Didn't we have a thread a while back about someone in Virgina (?) that was putting peanut or olive oil in his Mercedes that he purchased from Costco. He was busted when the state was checking truckers for non road use diesel when they noticed his bumper sticker. After paying his fine he had to apply for a permit that cost $2500 a year to run it.

Another story:

http://www.treehugger.com/files/2007/03/illinois_man_fi.php


----------



## Jim-mi (May 15, 2002)

Ken its so very sweet of you to be soooo pro government.

Perhaps you might do some "looking into" of how our most wonderfull gov. WASTES hugh amounts of those *road taxes*.

Theres a few of us that really resent the squandering of that *tax* money.
And nothing you can say will change our minds.

I will not be putting a sign on the back of my Mercedes.


----------



## Rocky Fields (Jan 24, 2007)

Hey.

Legal ethanol production requires a permit from BATF. It is broken into categories as to how much you produce in a year. Fee varies accordingly.

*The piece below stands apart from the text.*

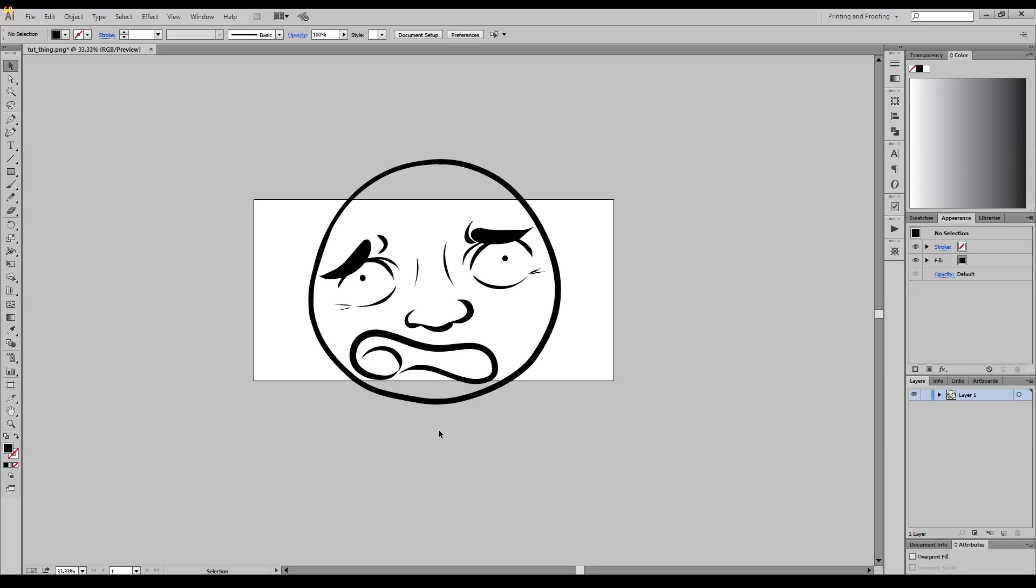If you know how to do this with Inkscape or some other free vector program or other vector programs, leave it in the comments below because I feel like someone else would benefit from knowing how to do this. But my knowledge only comes from Illustrator, so thanks for watching, I hope this helps you guys, adios.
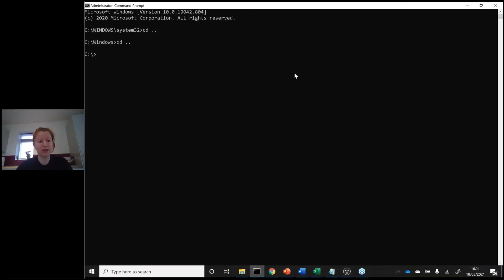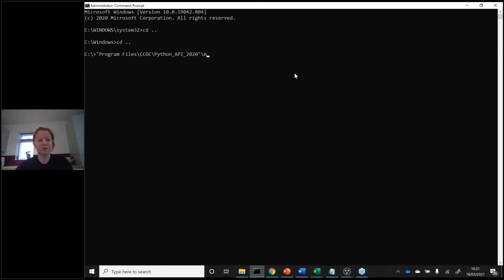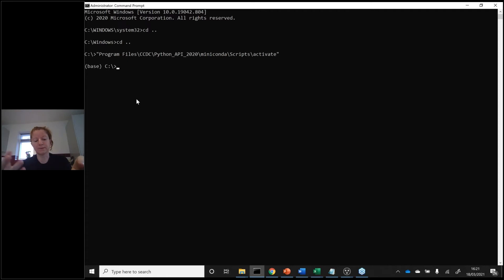In Windows, once you open the terminal, you'll have to activate your Miniconda environment so you use our Miniconda Python. To do that, type Program Files where your CCDC install is, then Python API, then Miniconda, then scripts, then activate. Hit return and you can see now you're in the base Miniconda environment.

You also may need a permit to store fuel on your property if you live in a residential area.

RF


----------



## Triffin (Apr 20, 2005)

Hate to rain on the parade here,

But even assuming that one could cost effectivly produce
their own ethanol; how are you going to carry enough for an
800 mile round trip ?? Better to just save your dollars and
buy fuel as per usual when you make that annual trip
to visit the family ..

Triff ..


----------



## ricky (Jul 31, 2006)

YuccaFlatsRanch said:


> "remember that you owe the government road tax on the fuel that you make that you use on public highways. "
> 
> This is where I have the most trouble. I don't think I OWE the Government anything, at least not voluntarily. Next I will OWE the government for producing my own food, and for catching my own rainwater.


NOW YOUR LEARNING :grump:


----------